A Preface would be superfluous were it not necessary to say a word or two about the Illustrations. My aim was to show (for the first time, I believe), by means of instantaneous photography, the movements made by players with a classical style in the process of striking a golf ball. For plates in this book (with the exception of Nos. XII., xiii., XVI., xvii., and xviii., which are the work of Mr. Alexander Nicol, Photographer) I have to, and do, cordially thank my friend Mr. A. F. Macfie, whose knowledge of the game, and whose skill with the camera, have enabled him to catch movements which are in many cases so swift as to escape ordinary observation. That the illustrations, therefore, truly represent the styles of the fine players who stood for them, no reader need doubt.

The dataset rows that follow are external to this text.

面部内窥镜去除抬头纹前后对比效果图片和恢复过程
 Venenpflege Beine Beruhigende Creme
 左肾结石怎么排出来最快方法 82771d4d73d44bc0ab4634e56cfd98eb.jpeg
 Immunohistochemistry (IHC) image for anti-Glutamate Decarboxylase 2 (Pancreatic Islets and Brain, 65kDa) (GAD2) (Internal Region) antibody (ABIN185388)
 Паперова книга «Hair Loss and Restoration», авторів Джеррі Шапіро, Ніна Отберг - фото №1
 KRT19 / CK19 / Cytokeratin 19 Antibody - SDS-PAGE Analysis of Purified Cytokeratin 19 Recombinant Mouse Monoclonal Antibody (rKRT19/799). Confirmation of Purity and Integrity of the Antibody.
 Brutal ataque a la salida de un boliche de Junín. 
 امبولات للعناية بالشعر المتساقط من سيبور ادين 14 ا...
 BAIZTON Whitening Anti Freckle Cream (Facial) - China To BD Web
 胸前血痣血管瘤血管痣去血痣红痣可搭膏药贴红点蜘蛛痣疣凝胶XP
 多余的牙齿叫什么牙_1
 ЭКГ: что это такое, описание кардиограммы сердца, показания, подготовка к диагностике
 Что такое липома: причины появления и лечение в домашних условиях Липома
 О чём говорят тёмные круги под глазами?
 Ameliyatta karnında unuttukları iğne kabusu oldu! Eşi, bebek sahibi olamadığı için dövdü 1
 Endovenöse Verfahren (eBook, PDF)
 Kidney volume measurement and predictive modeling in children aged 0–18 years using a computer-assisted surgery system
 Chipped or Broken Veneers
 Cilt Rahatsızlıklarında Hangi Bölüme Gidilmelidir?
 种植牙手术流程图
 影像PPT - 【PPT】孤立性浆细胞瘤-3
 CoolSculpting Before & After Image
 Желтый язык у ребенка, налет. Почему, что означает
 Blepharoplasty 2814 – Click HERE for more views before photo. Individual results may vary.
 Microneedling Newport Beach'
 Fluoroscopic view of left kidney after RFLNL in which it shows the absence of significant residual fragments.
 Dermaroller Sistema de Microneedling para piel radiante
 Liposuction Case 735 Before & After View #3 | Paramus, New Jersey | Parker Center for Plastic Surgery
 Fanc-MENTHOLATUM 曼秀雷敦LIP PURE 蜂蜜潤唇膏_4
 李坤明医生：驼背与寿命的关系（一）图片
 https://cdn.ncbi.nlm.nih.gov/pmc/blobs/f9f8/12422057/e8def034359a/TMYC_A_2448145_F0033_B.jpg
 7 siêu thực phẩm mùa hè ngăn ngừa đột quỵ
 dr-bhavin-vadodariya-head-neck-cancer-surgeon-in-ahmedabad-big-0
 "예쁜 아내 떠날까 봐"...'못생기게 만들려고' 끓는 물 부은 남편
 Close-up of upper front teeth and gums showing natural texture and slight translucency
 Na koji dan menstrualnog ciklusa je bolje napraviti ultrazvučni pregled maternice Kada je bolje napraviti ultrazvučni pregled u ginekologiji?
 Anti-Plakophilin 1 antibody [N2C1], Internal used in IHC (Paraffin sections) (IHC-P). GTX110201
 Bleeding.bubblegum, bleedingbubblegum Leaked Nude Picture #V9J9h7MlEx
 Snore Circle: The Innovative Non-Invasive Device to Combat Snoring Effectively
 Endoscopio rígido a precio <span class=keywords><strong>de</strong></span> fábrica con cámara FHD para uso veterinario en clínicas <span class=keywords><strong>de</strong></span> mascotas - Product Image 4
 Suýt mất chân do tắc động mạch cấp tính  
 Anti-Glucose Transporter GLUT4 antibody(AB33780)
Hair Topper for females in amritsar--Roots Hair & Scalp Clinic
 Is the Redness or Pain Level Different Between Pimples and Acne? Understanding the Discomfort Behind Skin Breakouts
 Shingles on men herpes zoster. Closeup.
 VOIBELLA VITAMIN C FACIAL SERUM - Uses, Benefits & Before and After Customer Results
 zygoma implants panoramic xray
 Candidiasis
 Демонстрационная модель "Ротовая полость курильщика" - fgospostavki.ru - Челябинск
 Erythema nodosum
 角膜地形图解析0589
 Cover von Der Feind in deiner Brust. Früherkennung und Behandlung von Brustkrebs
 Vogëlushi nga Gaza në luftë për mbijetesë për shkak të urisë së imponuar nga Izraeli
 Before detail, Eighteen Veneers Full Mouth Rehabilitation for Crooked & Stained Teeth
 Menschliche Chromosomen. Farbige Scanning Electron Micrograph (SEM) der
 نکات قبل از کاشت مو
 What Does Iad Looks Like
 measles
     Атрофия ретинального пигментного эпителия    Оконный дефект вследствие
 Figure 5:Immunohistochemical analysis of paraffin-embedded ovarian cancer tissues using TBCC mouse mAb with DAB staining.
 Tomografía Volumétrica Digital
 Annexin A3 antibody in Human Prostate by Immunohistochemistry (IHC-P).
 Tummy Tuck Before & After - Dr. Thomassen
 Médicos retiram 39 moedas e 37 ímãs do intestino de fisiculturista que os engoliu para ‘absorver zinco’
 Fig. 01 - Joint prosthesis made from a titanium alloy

The authority of the text is another matter. It may be - nay, it has been - asked, 'What does he know about it?' Indeed (and alas!) I cannot speak from the highest platform. But if a poor cricketer, a hopeless billiard player, an execrable shot, begins golf by the doctor's orders after three decades, flounders hopelessly for years, and then by theory and experiment evolves a golf which I shall only characterise as infinitely better than his cricket, his billiards, or his shooting ever were, it is evident that he knows (whether he can say it) something of that department of brick-making which does not depend upon the quality of the straw.

3 Belgrave Crescent, Edinburgh, May 1887.